# Doctor Who: BBC America, 04-17-10 - New season starts



## Malcontent (Sep 5, 2004)

The return of Doctor Who has been mentioned in the "Now Playing" forum but I thought a post here might be helpful.

It starts airing on BBC American on 4-17-10. Check your season passes.

The new season introduces a new actor playing the Doctor. The actor's name is Matt Smith.


----------



## tvmaster2 (Sep 9, 2006)

Malcontent said:


> The return of Doctor Who has been mentioned in the "Now Playing" forum but I thought a post here might be helpful.
> 
> It starts airing on BBC American on 4-17-10. Check your season passes.
> 
> The new season introduces a new actor playing the Doctor. The actor's name is Matt Smith.


sigh - if only Cox Orange County, Ca. would carry BBC HD, this may be good to watch. Back to the web


----------



## Gavroche (May 27, 2007)

tvmaster2 said:


> sigh - if only Cox Orange County, Ca. would carry BBC HD, this may be good to watch. Back to the web


We don't get it on Comcast here in the Bay Area either... only the SD version.


----------



## sieglinde (Aug 11, 2002)

I get the SD version but since I have an SD TV that is OK for me.


----------



## tiassa (Jul 2, 2008)

sieglinde said:


> I get the SD version but since I have an SD TV that is OK for me.

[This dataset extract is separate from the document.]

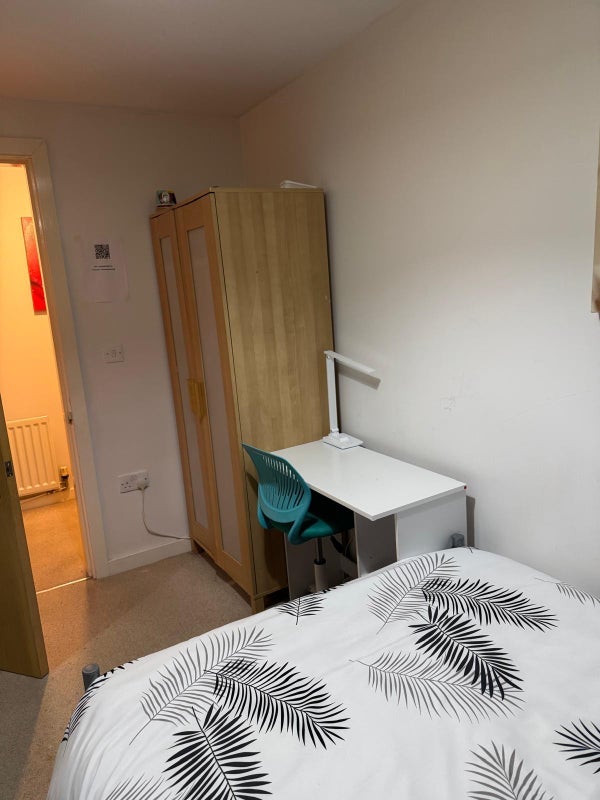 Room Ashton Old Road in Manchester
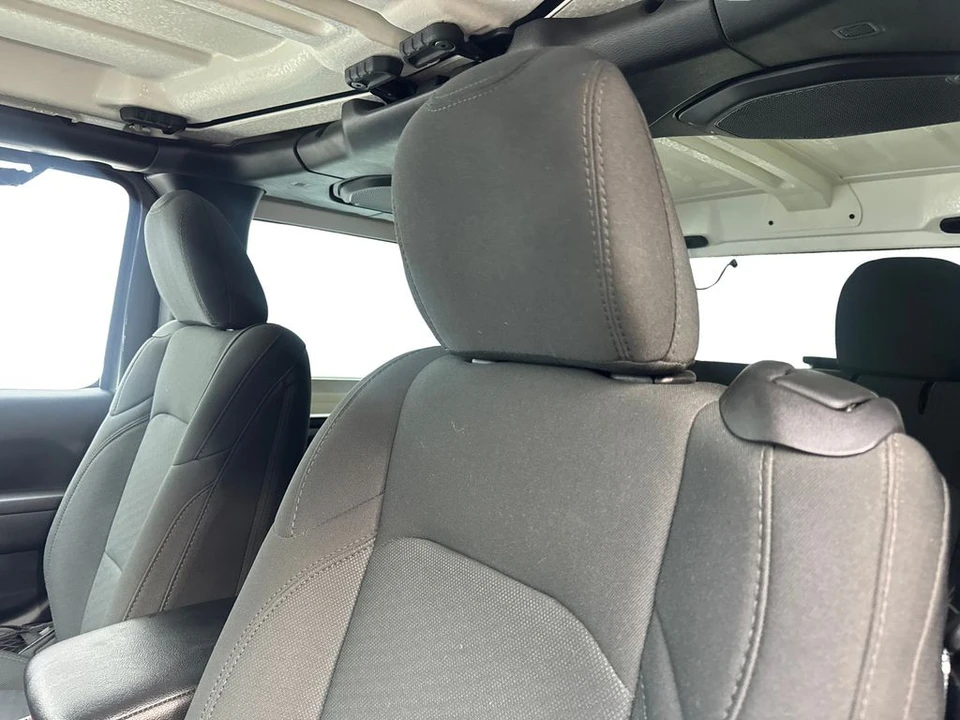 2023 Jeep JL Wrangler - Image 28 of 31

I get it in SD, but since it is "letter and Pillar boxed" I just hit the Zoom button on the Tivo and get it full screen (not exactly HD but better than nothing).


----------



## sieglinde (Aug 11, 2002)

Mine is shown full screen. 

The episode was good.


----------



## [email protected] (Dec 1, 2007)

It's OK in SD, I guess. But we watched the "Complete Specials" as a precursor to the new season, and going from a 1080p24 Blu-Ray to an SD broadcast just makes me long for the day we get BBC America HD in the (SF) bay area.


----------